WHAT IS REQUIRED
Would you repeat the data below exactly, taking out the images?

INFORMATION SUPPLIED

+ + + +

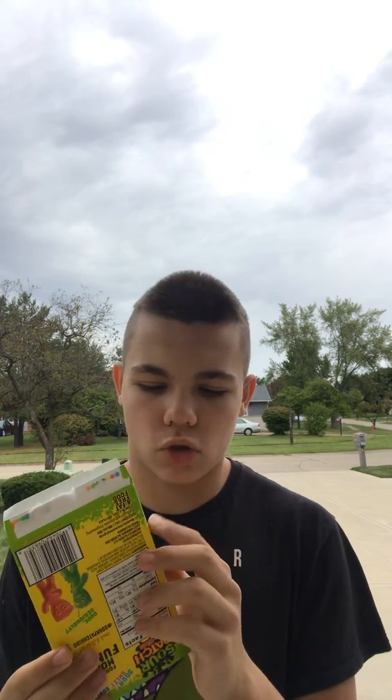Hi there you guys, it's me Ethan here and today I'm back with another challenge video. This challenge I'm going to be doing today is a Stop Sour Patch Kids challenge. That's right, and I know that these are sour and I know I've never had sour candies before, but I'm going to try these and give these a challenge to see how they are.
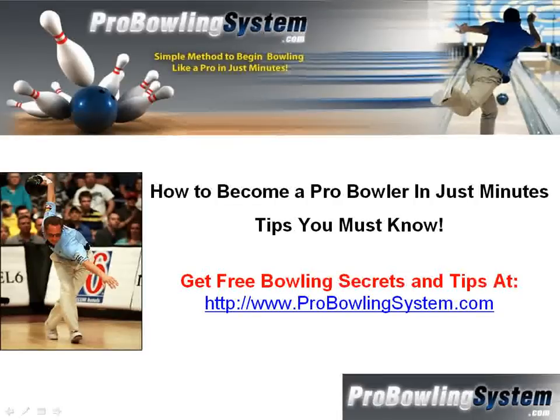Hello there, John here from ProBowlingSystem.com. Today I'm going to discuss how to become a pro bowler in just minutes. I'm going to go over some important tips and secrets you must learn and you must know if you want to start bowling high scores — over 200 a game, bowling strike after strike.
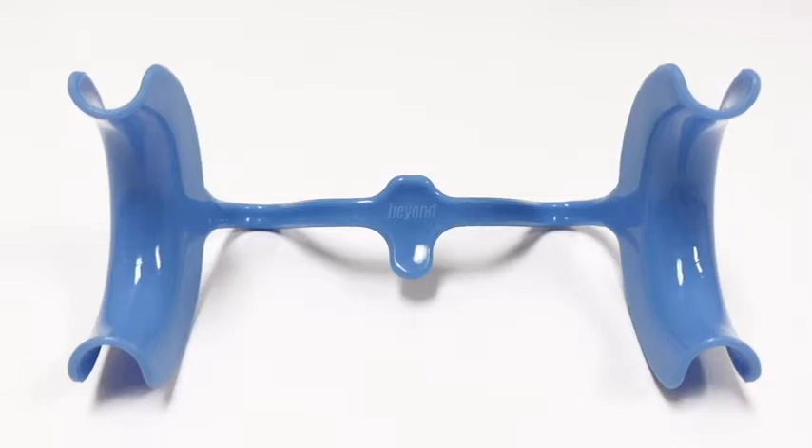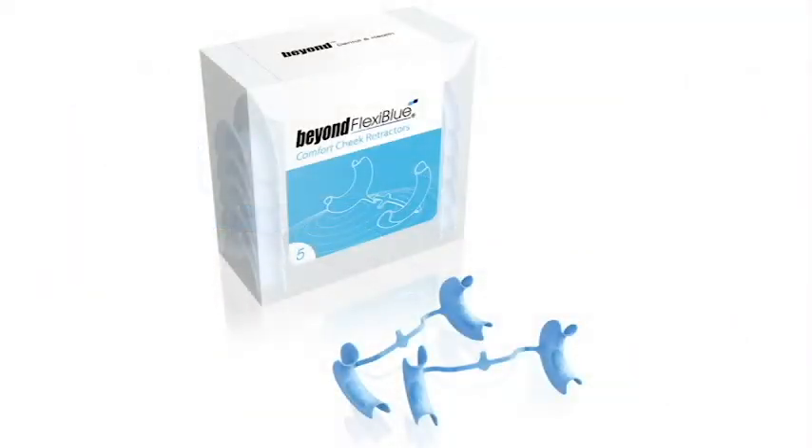FlexiBlue comes in packs of five and is easy to insert with no sharp edges. Available in two sizes: medium or large.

+ + + +

ANSWER TO THE PROBLEM
Hi there you guys, it's me Ethan here and today I'm back with another challenge video. This challenge I'm going to be doing today is a Stop Sour Patch Kids challenge. That's right, and I know that these are sour and I know I've never had sour candies before, but I'm going to try these and give these a challenge to see how they are.
Hello there, John here from ProBowlingSystem.com. Today I'm going to discuss how to become a pro bowler in just minutes. I'm going to go over some important tips and secrets you must learn and you must know if you want to start bowling high scores — over 200 a game, bowling strike after strike.
FlexiBlue comes in packs of five and is easy to insert with no sharp edges. Available in two sizes: medium or large.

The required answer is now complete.